Após Peniel, Jacó compreende que sua vida e sucesso dependem somente do Senhor. Nossa luta hoje é por meio da persistente oração, jejum e adoração até vermos o agir transformador de Deus.
(Lc 11.5-10)
Somente o Criador transforma caráter, personalidade e emoções. Esaú, que antes sentia raiva e desejo de vingança, agora busca a paz. Sua atitude amistosa é resposta divina à oração de Jacó.
(Gn 32.11)
Jacó coloca Raquel e José por último para protegê-los, mas essa predileção gera ciúmes e divisão. Para evitar a disfunção familiar, toda forma de favoritismo deve ser rejeitada.
(Gn 33.1-2)
O momento em que a graça divina dissipa décadas de mágoa e vingança.
Jacó, cheio de temor, inclina-se sete vezes em humildade extrema. A humildade dissipa a ira e traz paz – como Jesus, manso e humilde de coração, nos convida a aprender.
(Gn 33.3; Mt 11.28)
Esaú corre, abraça, beija e chora com Jacó. A mão de Deus moveu-se entre eles. Somente Ele pode promover reconciliação onde há “ferrolhos de um palácio” no coração.
(Gn 33.4; Pv 18.19)
Houve arrependimento e perdão genuínos. O caminho para a reconciliação não é “deixar para lá”, mas procurar o ofendido com amor, como Jesus ensinou.
(Mt 18.15-17)
Quando Deus age, o abraço substitui a vingança, e as lágrimas lavam décadas de mágoa.

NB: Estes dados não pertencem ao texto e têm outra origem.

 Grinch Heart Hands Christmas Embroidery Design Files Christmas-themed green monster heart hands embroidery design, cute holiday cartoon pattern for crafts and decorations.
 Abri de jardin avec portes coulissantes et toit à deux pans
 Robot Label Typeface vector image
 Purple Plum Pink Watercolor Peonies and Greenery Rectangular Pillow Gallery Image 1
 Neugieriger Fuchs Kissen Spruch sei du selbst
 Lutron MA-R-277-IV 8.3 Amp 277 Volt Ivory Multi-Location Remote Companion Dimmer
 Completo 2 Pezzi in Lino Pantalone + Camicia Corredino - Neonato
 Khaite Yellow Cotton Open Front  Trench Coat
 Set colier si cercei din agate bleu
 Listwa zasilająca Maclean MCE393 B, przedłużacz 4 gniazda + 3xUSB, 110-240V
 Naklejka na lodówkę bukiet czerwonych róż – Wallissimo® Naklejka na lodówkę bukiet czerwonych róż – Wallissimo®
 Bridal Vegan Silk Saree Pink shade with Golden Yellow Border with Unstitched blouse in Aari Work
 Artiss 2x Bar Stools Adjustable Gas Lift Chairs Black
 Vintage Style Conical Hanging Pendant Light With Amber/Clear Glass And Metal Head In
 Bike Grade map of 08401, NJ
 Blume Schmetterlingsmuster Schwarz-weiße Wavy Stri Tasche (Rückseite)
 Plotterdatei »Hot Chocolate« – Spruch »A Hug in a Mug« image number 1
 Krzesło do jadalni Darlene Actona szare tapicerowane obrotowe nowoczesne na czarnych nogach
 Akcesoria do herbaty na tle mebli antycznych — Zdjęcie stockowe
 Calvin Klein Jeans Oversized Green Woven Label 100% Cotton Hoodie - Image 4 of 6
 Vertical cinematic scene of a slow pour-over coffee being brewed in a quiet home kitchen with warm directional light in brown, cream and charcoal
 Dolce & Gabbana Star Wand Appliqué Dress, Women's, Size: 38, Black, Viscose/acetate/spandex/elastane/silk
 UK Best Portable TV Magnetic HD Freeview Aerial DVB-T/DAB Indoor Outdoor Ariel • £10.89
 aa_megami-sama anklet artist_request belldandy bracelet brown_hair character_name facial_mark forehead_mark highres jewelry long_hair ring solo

Esaú volta a Seir; Jacó vai a Sucote (“abrigo”). Perdoar não significa andar juntos novamente. Podemos seguir caminhos diferentes, mas sem rancor no coração.
(Gn 33.16; Ef 4.32)
Deus ordenara o retorno à casa de Isaque, mas Jacó instala-se em Siquém. Desobedecer à ordem divina traz consequências futuras. A soberania de Deus conhece o melhor caminho.
(Gn 31.13; 35.1)
Jacó compra terra e ergue um altar: “Deus, o Deus de Israel”. Que altares erguemos em nossos lares? Redes sociais, filmes ou o Senhor? Mais tarde, em Betel, destruirá os deuses estrangeiros.
(Gn 33.20; 35.2)
O encontro de Jacó e Esaú prova que a graça de Deus pode transformar até os conflitos mais arraigados, mas exige humildade, perdão genuíno e obediência contínua aos Seus caminhos.